Trauern in Spanien – die Leichenhalle als Eventlocation


Neulich war ich mit einem Freund zum ersten Mal in einer spanischen Leichenhalle, einem tanatorio. Es war Freitagabend und die Mutter einer seiner Freunde war am Tag zuvor gestorben. Für die Spanier ist es selbstverständlich, dass sie sich dann auf den Weg in die Leichenhalle machen.

Die gleicht mehr einem Konferenz-Zentrum als einer Bestattungseinrichtung. In dem tanatorio in der Nähe von Madrid, in dem ich war, reihte sich an einem langen Flur ein Saal neben den nächsten. An einem Monitor waren die Säle mit ihren Nummern aufgeführt und dahinter stand der Name des Toten, der dort aufgebahrt war.

Zwar waren es nur sechs Säle und man hätte theoretisch auch auf die Schilder neben den Türen gucken können, wer dort drin liegt. Doch vor jedem Saal war ein derartiges Gewusel von Leuten, dass ein Monitor die Suche deutlich erleichtert hat.


In Deutschland gehen wir normalerweise zur Beerdigung, um den Toten die letzte Ehre zu erweisen. Die Spanier dagegen wollen in erster Linie den Hinterbliebenen zeigen, dass sie nicht alleine sind. Die meisten Besucher im tanatorio machen sich gar nicht auf den Weg zur Leiche, die in dem Saal ums Eck mit rosig geschminkten Wangen in ihrem Sarg hinter einer Glaswand aufgebahrt ist.

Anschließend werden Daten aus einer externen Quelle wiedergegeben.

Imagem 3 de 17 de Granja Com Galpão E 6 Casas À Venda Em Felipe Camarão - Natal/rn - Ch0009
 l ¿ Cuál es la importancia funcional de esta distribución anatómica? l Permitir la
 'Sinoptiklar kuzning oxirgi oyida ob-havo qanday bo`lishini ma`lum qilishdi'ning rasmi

Der Großteil der sicher 70 oder 80 Anwesenden bleibt auf dem Flur vor dem Saal stehen und umringt die Hinterbliebenen. Viele kennen die Tote gar nicht oder nur flüchtig. Mein Freund ist immer in der Nähe ihres Sohnes, mit dem er schon zur Schule gegangen ist. Die ganze Clique ist da und mit ihr zum Teil deren Eltern oder Geschwister samt Ehepartner, oder so wie ich, Freunde von Freunden.

Ich bin aus Neugierde mitgegangen und dachte, nach einer kurzen Beileids-Bekundung ist die Sache vorbei. Aber am Ende standen wir fast drei Stunden auf diesem Flur. Da sich viele länger aufhalten, besitzt die Leichenhalle auch eine Bar, in der man trinken, essen und sich vor allem hinsetzen kann.

Mir gefällt die Idee, nicht nur den Toten zu betrauern, sondern sich auf diejenigen zu konzentrieren, die noch leben und darunter am meisten leiden. Es ist Ausdruck eines starken sozialen Zusammenhalts, der Spanien auszeichnet. Nicht nur im täglichen Leben, sondern auch im Todesfall.